▸ **EXERCISE REQUIREMENTS**
Your answer must consist of the records exactly as given, with no pictures included.

▸ **THE DATA**
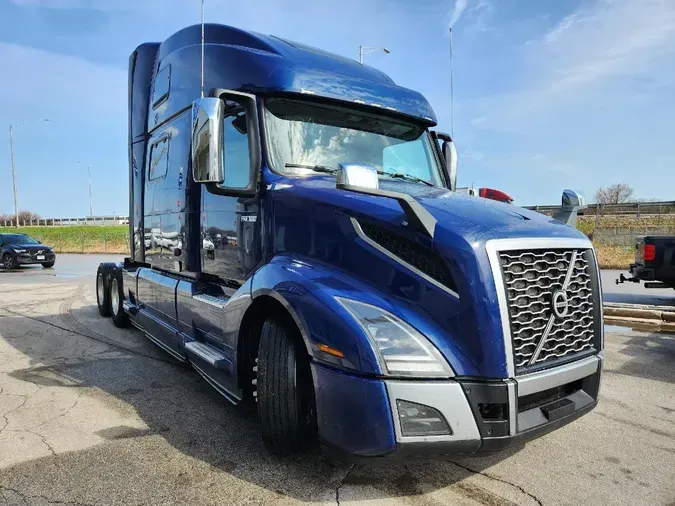2023 VOLVO VNL64T860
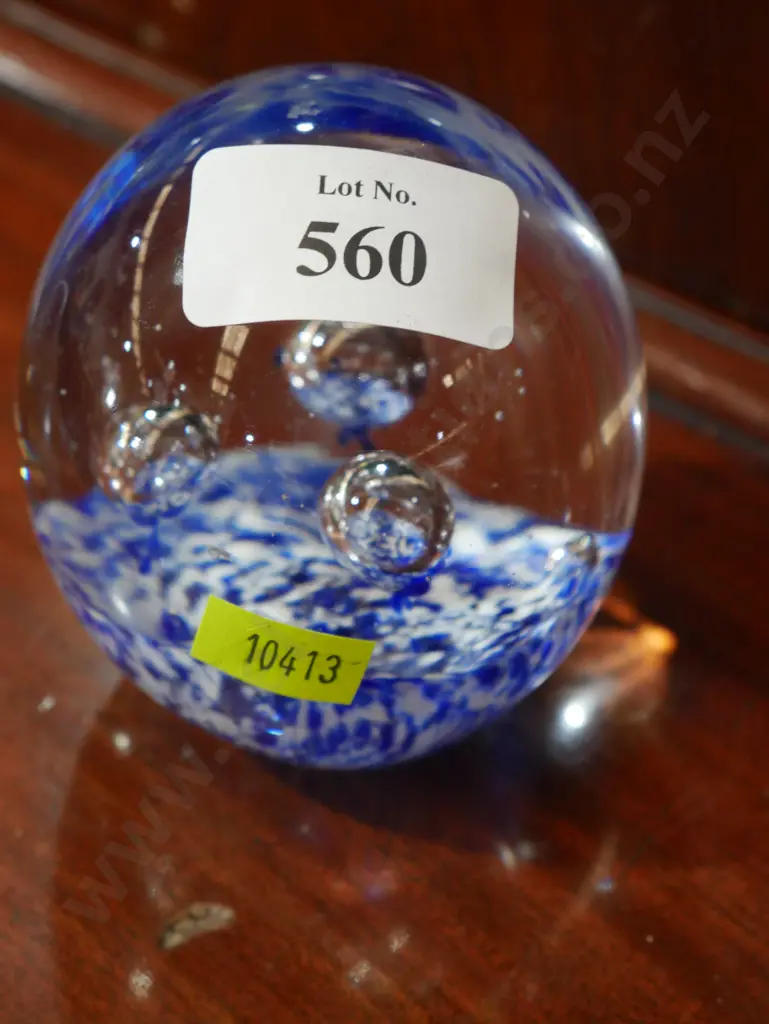 Glass paperweight Image 1++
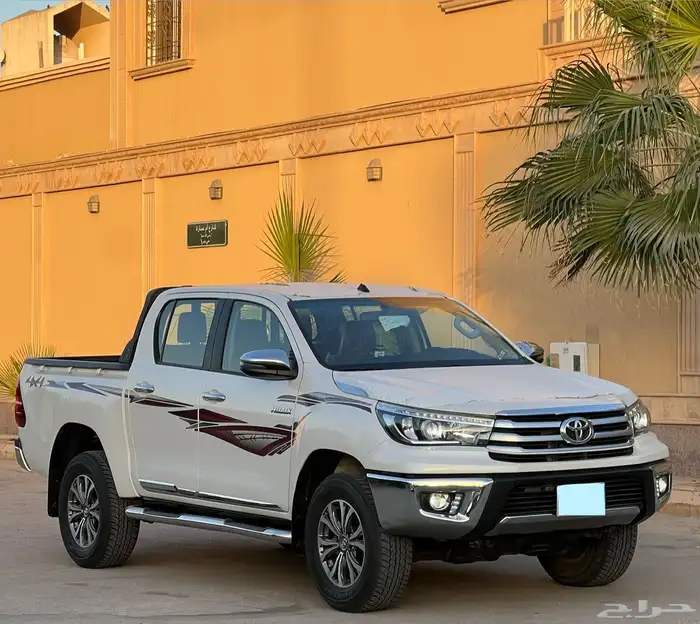تويوتا هيلكس سعودي فل كامل سعودي 2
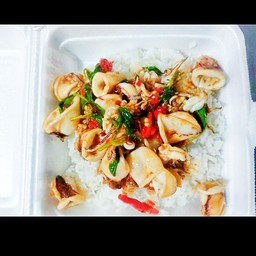 ข้าวราดกะเพราปลาหมึก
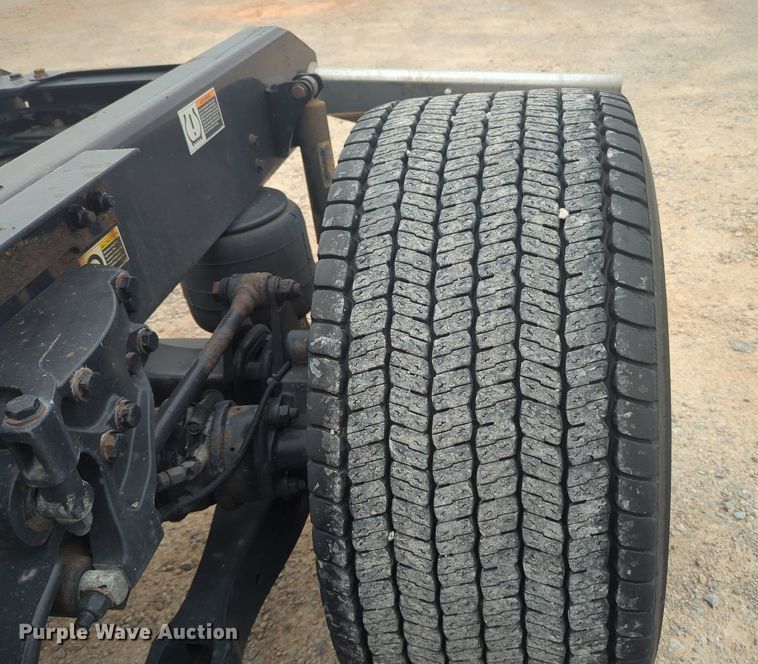 image for item MX9535 2019 Kenworth T680  semi truck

▸ **REPLY TO THE EXERCISE**
2023 VOLVO VNL64T860
 Glass paperweight Image 1++
تويوتا هيلكس سعودي فل كامل سعودي 2
 ข้าวราดกะเพราปลาหมึก
 image for item MX9535 2019 Kenworth T680  semi truck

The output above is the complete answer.